Orang setinggi apapun pendidikanya dan di manapun ia mengenyam pendidikan,
orientasi pertamanya harus diniatkan sekiranya bermanfaat pada orang lain.
Entah lewat profesi atau jalan manapun. Ketika ilmu didapat, sudah
seyogyanya perlu diabdikan buat kemaslahatan banyak orang. Seperti hadist
nabi, beliau bersabda “Sebaik-baiknya manusia ia yang memberikan manfaat
pada manusia lainya”.
Memberi manfaat pada orang lain tidak saja lewat satu pintu, seseorang bisa
lewat melalui berbagai sudut semampu seseorang tersebut dalam menebar
manfaat pada orang lain. Atau paling tidak, tidak mendatangkan malapetaka
terhadap mereka. Sehingga keberadaanya tidak menyusahkan dan ketiadaanya
selalu dinanti dan dirindukan.
Menanggapi hal itu lembaga pendidikan punya peran sentral dalam mendidik
manusia ke arah tersebut. Lantas bagaimana pendidikan diharapkan mampu
mengejewantahkan peranya ? Yaitu Pendidikan harus menyatu dengan kehidupan
masyarakat. Bersatunya lembaga pendidikan dengan masyarakat ditemui di
lembaga sederhana bernama Pesantren.
Pesantren adalah lembaga paling mandiri dan sangat sederhana. Kesederhanaan
pendidikan pesantren tampak nyata bahwa lembaga kaum sarungan ini tanpa ada
kesenjangan dalam proses adaptasinya bersama masyarakat di pedesaan.
Pada mulanya memang jamak diketahui lembaga pendidikan pesantren banyak
berdiri di wilayah terpecil daerah pedesaan meskipun di era sekarang ini
pesantren juga banyak dijumpai berada di lingkunga perkotaan.
Pola hidup pesantren dalam realitasnya tidak hanya dianut oleh
komunitasnya, melainkan oleh masyarakat yang tinggal di sekitar pesantren.
Mereka ini tergolong kelompok tradisional yaitu masyarakat miskin dan
bersahaja. Interaksi keduanya antara masyarakat dan pesantren pada
giliranya membentuk pola relasi budaya, sosial, dan keagamaan di kalangan
mereka (Husein Muhammad: 2019).
Relasi yang dibangun inilah kemudian menunjukkan bahwa pesantren akan
selalu hadir membersamai masyarakat dalam kondisi apapun. Adalah sebuah
kepatutan bagi pesantren untuk memenuhi panggilan masayarakat, lebih-lebih
masalah sosial-keagamaan. Santri sebagai aset di pondok pesantren, peranya
akan selalu ditunggu khususnya dalam soal membimbing masyarakat dalam
mengajarkan pengetahuan khususnya tentang agama Islam.

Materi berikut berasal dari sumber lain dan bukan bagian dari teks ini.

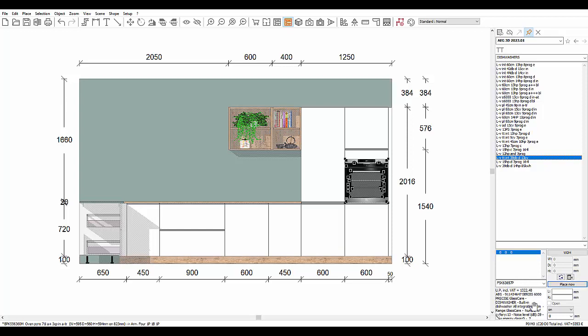Such is the case for integrated dishwashers and refrigerators. Since they are hidden by a door, they will always be priced and not visualised. To integrate them into the calculations of the scene, all you need to do is click place.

Pesantren selain lembaga agama yang dipercayai orang untuk memberikan
bidikan pengetahuan tentang agama Islam, juga dijadikan batu lompatan oleh
orang yang tidak mempunyai biaya banyak untuk menyekolahkan anaknya ke
pendidikan formal.
Sehingga pesantren dijadikan tempat alternatif dalam proses kegiatan
belajarnya. Biaya pondok pesatren terbilang murah. Semuanya disesuaikan
dengan kondisi masyarakat, jika masyarakat tidak mampu membayarnya,
pesantren memberikan keringanan yang sekiranya tidak membebankan pada
mereka dengan cara menyicil.
Tidak berlebihan kiranya jika kita menyebut pesantren sebuah lembaga yang
sangat tampak menjalin harmonisasi dengan kehidupan rakyat sekitar atau
kelompok masyarakat akar rumput. Tak hayal, biasanya kyai di pondok
pesantren menyampaikan kepada masyarakat bahwa pesantren yang diasuhnya
bukanlah milik dirinya atau nenek moyangnya. Melainkan milik masyarakat
secara keseluruhan untuk saling bahu-membahu membesarkan lembaga Islam ini.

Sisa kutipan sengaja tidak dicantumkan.